Set in 1933, notorious bank robber, John Dillinger (Johnny Depp) and his fellow gang members are hunted by the FBI after Dillinger’s popularity begins to soar and their dangerous attacks become more frequent. Head of the FBI, Edgar Hoover (Billy Crudup), is determined to stop the gang and tasks Melvin Purvis (Christian Bale) to hunt and consequently eradicate the mob. A really interesting tale of cat and mouse played out as a feature film – certainly a good watch, despite the relatively long runtime.
Director: Michael Mann
Writers: Michael Mann, Ronan Bennett, Ann Biderman
Starring: Johnny Depp, Christian Bale, Jason Clarke, Stephen Graham, Marion Cotillard
Straight away, it has to be said that for much of this movie, it was difficult not to sympathise with John Dillinger as a character. Rather interestingly and somewhat controversially, Dillinger and his mob were painted almost as the victims throughout while the FBI were more or less represented as the struggling and desperate group of men trying their best to squash the mob by any means necessary. At times, the FBI’s underhand tactics were shown which made you question the morality of their decisions, while the filmmakers also made a point (on more than one occasion) to mention the fact that Dillinger and his crew only targeted the rich and wealthy (primarily banks) while leaving the ordinary everyday citizens alone.
As previously mentioned, the runtime seemed relatively long in my eyes however, and this was something I felt could have been shortened considerably. The film officially ran for a total of one hundred and forty minutes, far too long when you take into consideration the simplicity of the plot and repetitive scenes that acted at times as “filler material”. There’s also a solid argument to suggest that one or two of the action sequences and bank heists ran for too long too.
With that being said, something and probably the most captivating thing about this film that stood out to me was the set and costume design – both were sensational and really evoked the 1930’s vibe that the filmmakers were hoping to convey.
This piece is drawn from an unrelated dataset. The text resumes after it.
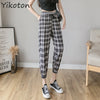 Harajuku Plaid Pants For Women Trousers 2022 Streetwear Woman Harem Pants Autumn Ladies Casual Pants Drawstring Joggers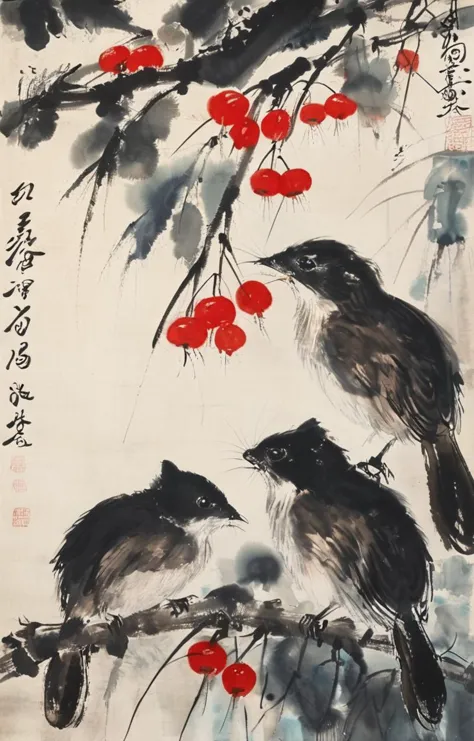 a close up of a painting of birds on a branch with berries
This facet of the movie alone made it an extremely enjoyable viewing experience, with much of the cinematography pleasing to watch.
In terms of the casting and acting performances, Johnny Depp was outstanding in his role as John Dillinger. In a movie that had such a diverse and varied cast, his character certainly stood out from the rest. He adopted a less strange, quirky and bizarre character that we’re ever so used to seeing him portrayed as and made Dillinger the dangerous and callous yet likeable criminal he needed to be. You’d even go as far saying the Dillinger character alone could warrant a sequel surrounding his rise to the notorious criminal status he held.
Elsewhere, Christian Bale starred as Melvin Purvis and in all honesty, it seemed to me like he was comfortable and content to remain in second gear throughout the flick – he seemed almost identical in each of the scenes he was involved in and didn’t really have to step up at any point, which was a shame. Jason Clarke also appeared as Red Hamilton while Stephen Graham appeared as Baby Face Nelson – both of whom did well in their respective roles. Somebody else that stood out however, was Marion Cotillard who was the love interest of Dillinger. Her role of Billie Frechette was extremely effective and believable.
Ultimately, a half decent movie that was thoroughly enjoyable in many parts but didn’t quite reach the level it perhaps should have considering the plot and impressive array of casting.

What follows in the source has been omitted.